Well not that I was totally disatisfied with my newly acquired Boss CS3 compressor but I had a chance to hear the Keeley 2 knob compressor on Friday. I bought it and used it at a rehearsal today and all I can say is wow. Where have you been all my life. Of course at $250 ouch. I almost cried handing that much money over for a compressor that by looking at it, looks like its worth $75. But after using it today all crying stopped and sheer joy took over. I'm also dumping my newly acquired TS9 for the Wamper Hotwired 2 channel overdrive. Another wallet crusher at $300 + tax. This botique pedal stuff is going to send me in to bankruptcy. I'm also trying to figure out how to raise the money for a demo that this dealer has of a Diamond Halo stereo chorus. Quite a good deal at $250 from its normal price of $329. Oh man. Just seems to be no money in gigging lately.


----------



## mhammer (Nov 30, 2007)

This is why you need to get off your arse and learn a few DIY tricks my friend. A pedal here or there, and I suppose the extra money doesn't hit you that hard. But once you develop a taste for the "finer things", unless you have an extremely well-paying gig, the things you crave will continue to force some hard choices on you. Hell, that's how I learned what I know - i couldn't afford the real deal so I learned to make the real deal. It may have taken me 30 years to get to where I am, but the resources available these days permit people to accomplish the same chops in less than 2 years. Seriously. I've seen kids go from asking how to read a resistor colour code to designing stuff that is to be reckoned with in that kind of time frame.

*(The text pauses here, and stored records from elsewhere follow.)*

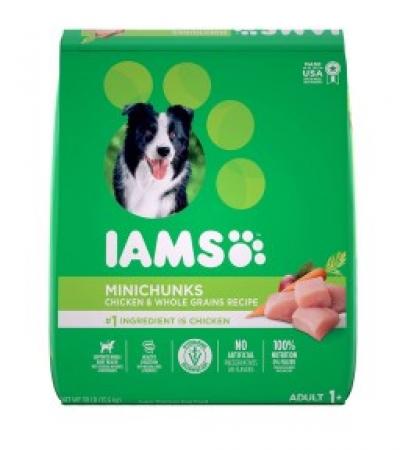 Iams Dog 15 lbs Mini Chunks Dry Dog Food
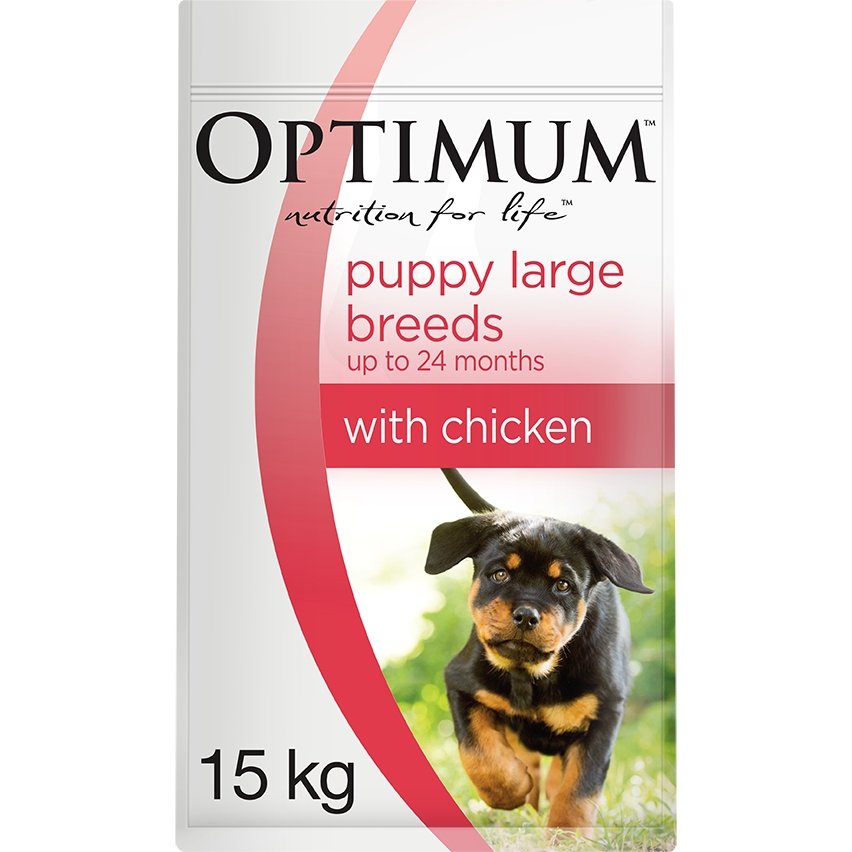 Optimum Large Breed Puppy Chicken Dry Dog Food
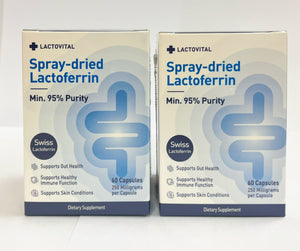 Lactovital 乳鐵蛋白膠囊 (2樽, 四個月份量套裝) Spray-dried Lactoferrin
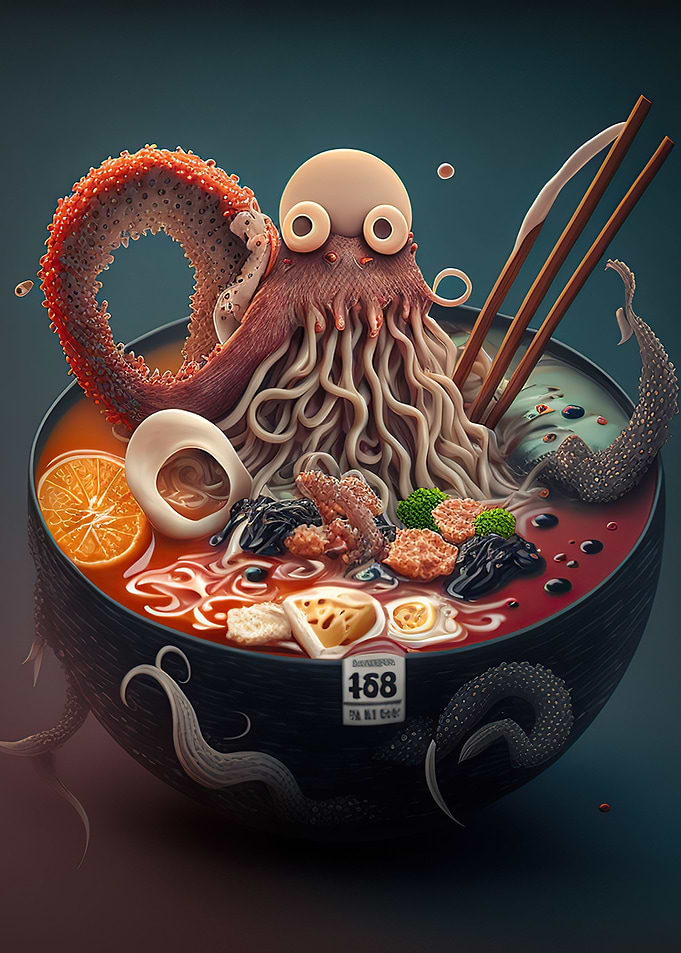 Octopus Ramen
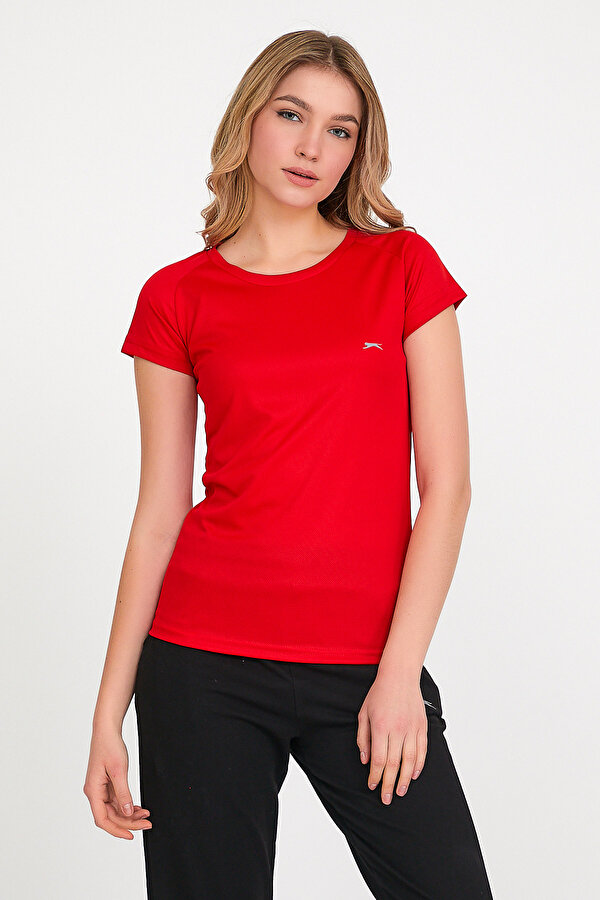 Slazenger RELAX Kadın T-Shirt Kırmızı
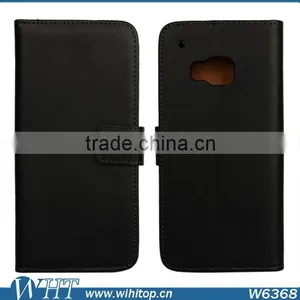 Wholesale Genuine Leather Case for HTC One M9, With Money Slot and Stand thumbnail-2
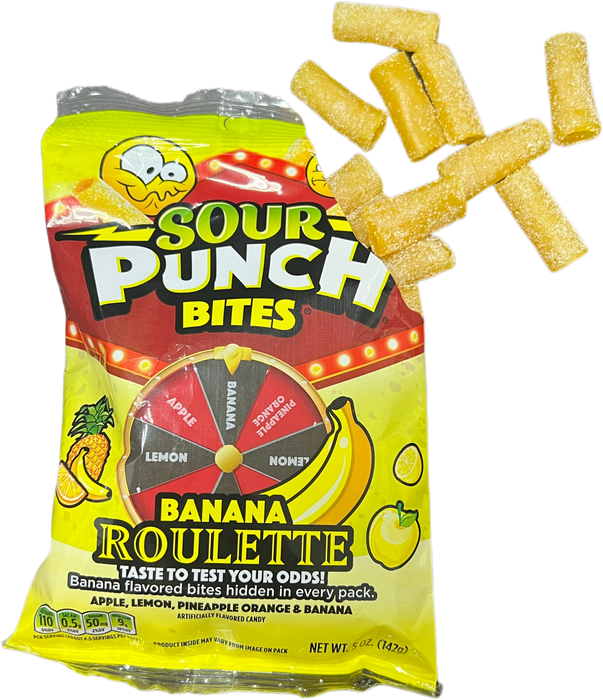 Sour Punch 5oz Bag Bites Banana Roulette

But I don't have the time, people say.

Eighteen months ago, I had the pleasure of being invited backstage at a Sheryl Crow gig because I knew one of the guitar techs. Peter Stroud, her longtime guitar player and co-founder of London 65 amps, needed a mica cap to adjust the bright function on his amp, so my buddy phoned me up before they came to town and asked if I might be able to score one before the gig. I arrived with a handful of varieties since I had them in my parts bin anyways. Pete selected a few suitable ones, thanked me profusely and proceeded to rip his amp apart and have at it with his soldering iron *90 minutes before stage-time*. My wife and I went off and had supper before the show, but Pete apparently achieved his goal because when we came back the show started on time and when they launched into the Led Zepp nugget "Rock and Roll" for an encore, the treble on that sucker ripped my head off. Now, if a guy with a schedule like THAT can learn how and find the time to do it and fearlessly bring his gear on stage, so can you my friend. Not only can it be cheaper, but you can experiment, something one can't do with commercial gear. A guy like Pete also knows what his gear can and can't do, and is able to choose intelligently when DIY is the less practical way to go.


----------



## Guest (Feb 11, 2008)

+1 to mhammer's post. It's harder than you think and easier all at once. With companies like BYOC and GGG around now it's at least relatively easy to cut your teeth on making your own pedals: all you need is a soldering iron, some time and the ability to read and you're set. And with forums like http://diystompboxes.com/ there's an overload of information and help available when you want to dig deeper or get stuck.

One thing is for sure: once you start building them yourself, yes you'll save a bunch of money, but I think you'll start to realize why boutique == expensive. Even the really big builds cost <$100 parts the time you spend in labour, figuring you're worth ~$20/hour, really adds up fast. Figure in a 40-50% margin to actually be profitable and you can see why boutique pedals add up quickly. Dano over at Beavis Audio really put it in to perspective when spoke about why he's stopped Four Knob Rat production to redesign the board. It was taking him too much time to put them together.


----------



## mhammer (Nov 30, 2007)

Although I will temper that last recommendation by noting that there are lots of in-between points. There are TONS of so-so pedals that are but a few simple mods away from being real keepers. Indeed, those folks who follow the boutique market closely can tell you that while there are many fine wholly innovative products from the boutique crowd, very frequently there are products whose basic claim to fame is that they took something fairly standard and gave a few twists to it with a part here or there. 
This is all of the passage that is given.